━━━━━ Data below ━━━━━

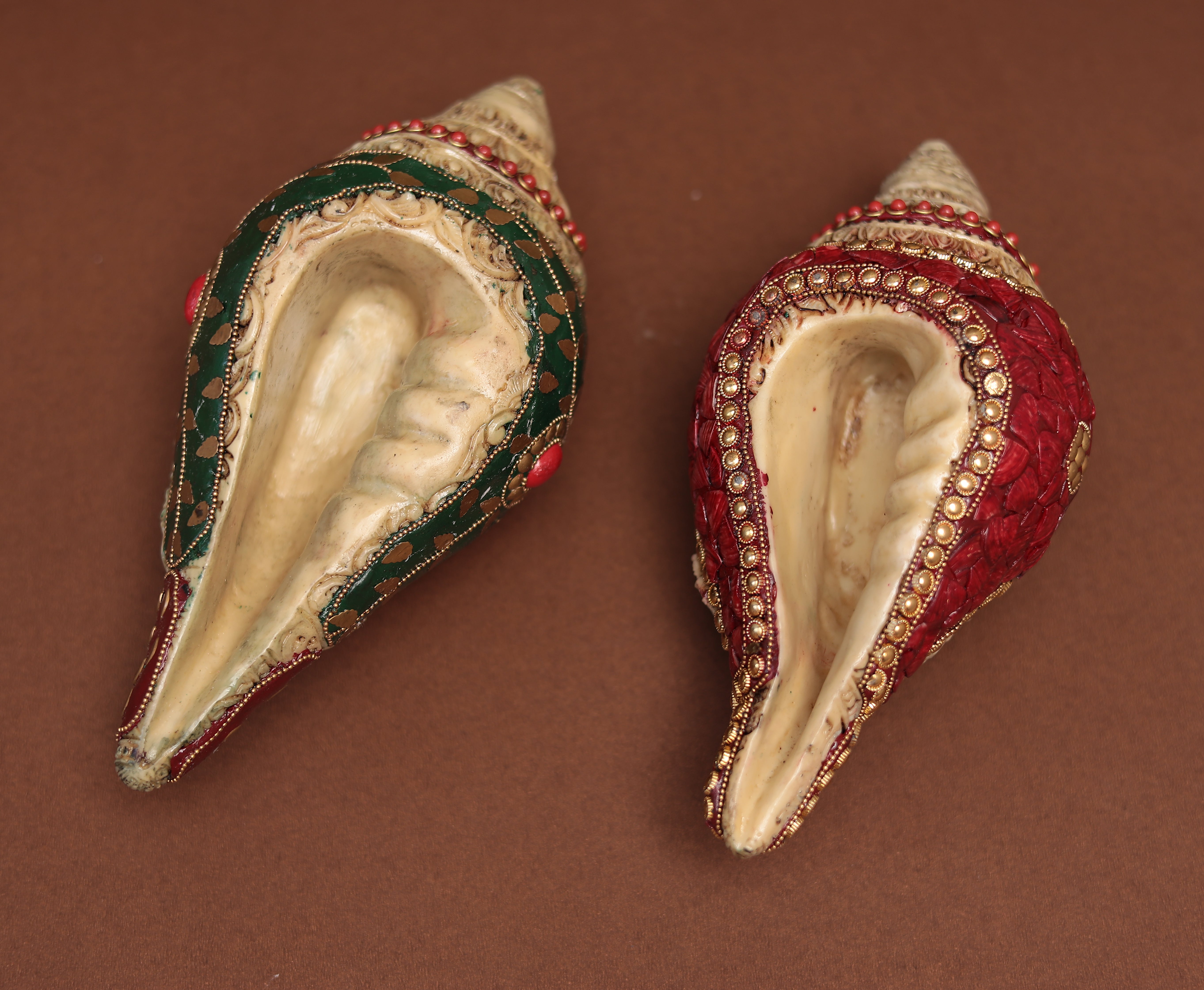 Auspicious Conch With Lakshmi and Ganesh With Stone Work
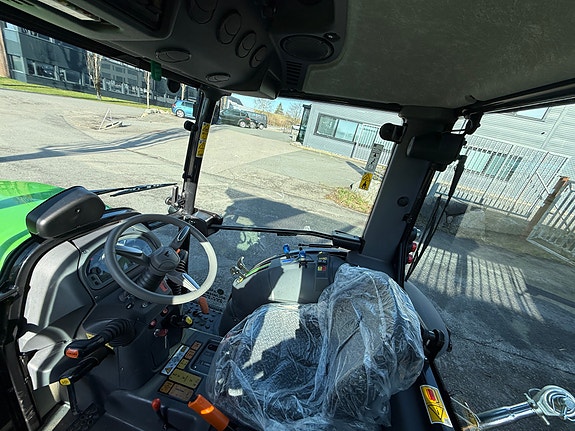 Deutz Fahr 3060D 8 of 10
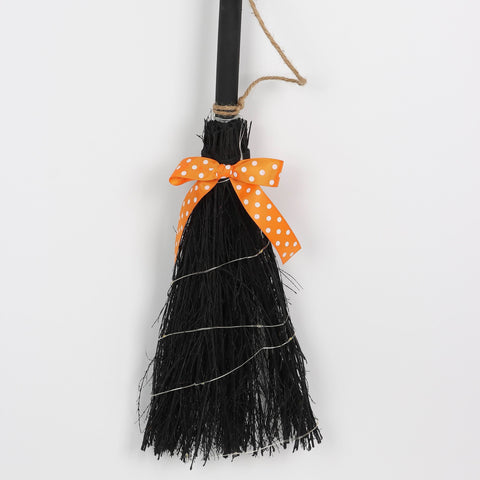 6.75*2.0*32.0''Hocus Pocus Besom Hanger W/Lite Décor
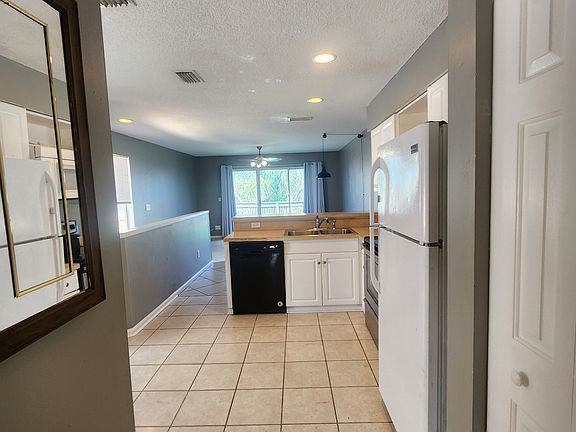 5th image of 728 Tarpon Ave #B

━━━━━

● What the task asks:
Take the material above and set it down exactly, minus the images.

● Written answer:
 Auspicious Conch With Lakshmi and Ganesh With Stone Work
 Deutz Fahr 3060D 8 of 10
 6.75*2.0*32.0''Hocus Pocus Besom Hanger W/Lite Décor
 5th image of 728 Tarpon Ave #B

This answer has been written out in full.